August 13, 2020
Three quarters of UK employees (74 percent) trust their employer to create a physically safe workplace and generally healthy work environment and the vast majority (92 percent) of employees are at least “a little” comfortable with contact tracing led by their employer for the purpose of organisational safety. This is according to a new survey Kronos Incorporated of 3,903 employees across 10 countries.
The survey, conducted by Workplace Intelligence asked employed adults across Australia and New Zealand, Canada, China, France, Germany, India, Mexico, Netherlands, U.K., and U.S, and helps to debunk a misconception around COVID-19 contact tracing that suggests employee privacy concerns outweigh safety concerns. In fact, the vast majority of employees surveyed globally (86 percent) are comfortable to varying degrees with employer-led contact tracing, which, combined with education and transparent communication, may be the key to setting a risk-adverse workforce at ease.
While public narrative suggests that U.K. workers have been somewhat cautious around privacy concerns relating to contact tracing, the research discovered that, in fact, almost half of U.K. workers (46 percent) say they are “very” or “a great deal” comfortable with a workforce management approach to contact tracing, i.e., allowing their employer to use their work schedule records to identify and manage employees who may have been exposed to the virus at work and to help prevent onward transmission. Only 8 percent of U.K. respondents are “not at all” comfortable with this approach to contact tracing in the workplace.
Similarly, 71 percent of all workers in the U.K. stated that they are at least “somewhat” comfortable with their employer leveraging their mobile phone device for organisational safety, with 22 percent being “very” comfortable and 14 percent being “a great deal” comfortable. When asked about leveraging mobiles for the purpose of wider public safety outside of the workplace, more than three quarters of U.K. respondents (76 percent) are at least “somewhat” comfortable with their mobile carrier leveraging their mobile device for contact tracing.
Europeans are less trusting than their North American counterparts
Generationally, younger Millennials and Gen Zers1 consistently report greater comfortability with all forms of contact tracing than do their generational counterparts with at least one third (70 percent) of the younger generations in the U.K. trusting all forms of contact tracing. However, contrary to popular belief, at least 60 percent of the elder generation globally – baby boomers – are at least somewhat comfortable with contact tracing practices.

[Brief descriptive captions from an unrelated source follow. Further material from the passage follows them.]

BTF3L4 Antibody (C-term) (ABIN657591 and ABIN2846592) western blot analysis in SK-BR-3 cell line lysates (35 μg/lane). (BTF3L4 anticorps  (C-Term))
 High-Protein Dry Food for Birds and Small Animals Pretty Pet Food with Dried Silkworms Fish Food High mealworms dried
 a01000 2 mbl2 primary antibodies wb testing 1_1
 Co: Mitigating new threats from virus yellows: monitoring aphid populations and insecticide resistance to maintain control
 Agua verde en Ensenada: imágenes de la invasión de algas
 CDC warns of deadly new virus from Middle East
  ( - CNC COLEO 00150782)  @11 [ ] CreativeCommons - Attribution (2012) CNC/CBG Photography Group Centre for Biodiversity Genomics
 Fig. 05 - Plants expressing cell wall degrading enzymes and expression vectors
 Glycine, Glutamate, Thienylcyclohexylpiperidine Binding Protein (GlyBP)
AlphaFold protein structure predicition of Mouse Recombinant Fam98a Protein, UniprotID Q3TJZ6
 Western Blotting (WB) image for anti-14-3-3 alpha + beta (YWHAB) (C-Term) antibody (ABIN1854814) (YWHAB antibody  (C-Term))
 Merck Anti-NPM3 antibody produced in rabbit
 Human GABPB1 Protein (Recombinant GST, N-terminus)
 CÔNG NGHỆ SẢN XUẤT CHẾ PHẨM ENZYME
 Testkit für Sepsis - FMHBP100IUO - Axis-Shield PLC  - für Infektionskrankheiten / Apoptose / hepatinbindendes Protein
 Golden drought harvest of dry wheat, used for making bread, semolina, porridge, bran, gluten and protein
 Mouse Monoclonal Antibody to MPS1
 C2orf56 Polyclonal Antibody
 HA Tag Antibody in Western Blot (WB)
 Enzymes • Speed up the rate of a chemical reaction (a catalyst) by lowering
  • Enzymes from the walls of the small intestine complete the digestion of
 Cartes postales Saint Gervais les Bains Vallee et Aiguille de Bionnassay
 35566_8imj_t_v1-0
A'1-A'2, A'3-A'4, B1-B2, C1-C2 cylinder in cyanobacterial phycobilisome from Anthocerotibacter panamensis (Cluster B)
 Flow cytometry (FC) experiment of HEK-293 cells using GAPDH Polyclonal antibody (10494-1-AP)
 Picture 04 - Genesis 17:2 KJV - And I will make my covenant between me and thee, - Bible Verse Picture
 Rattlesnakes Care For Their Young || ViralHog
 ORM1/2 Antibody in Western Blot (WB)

The research also found that the workforce has high expectations for their employers to create environments that are as safe as possible. Despite the vast majority of employees in the U.K. stating that they trust their employer to create a physically safe and healthy work environment (74 percent), Europeans are less trusting than their North American counterparts, with 67 percent in Germany, 63 percent in France, and 63 percent in the Netherlands in agreement versus 80 percent in Canada, 80 percent in Mexico, and 76 percent in the U.S. Part-time employees are also slightly less confident in having a physically safe and healthy work environment (68 percent) compared to full-time employees (77 percent) worldwide.
“Employees have demonstrated that they do have safety concerns in the workplace, but generally trust their employer to take care of them,” said Gregg Gordon, vice president, industry, Kronos. “This should signal to employers that they have a responsibility to step up and employ all methods necessary to protect workers physically and mentally during COVID-19, regardless of whether employees have worked all through the pandemic, have recently come back to the workplace, or won’t be brought back for another few months.
“As the data shows, employer-driven methods of contact tracing are not unwanted among the workforce, though education and transparent communication cannot be overlooked when introducing new policies or protocols related to organisational safety.”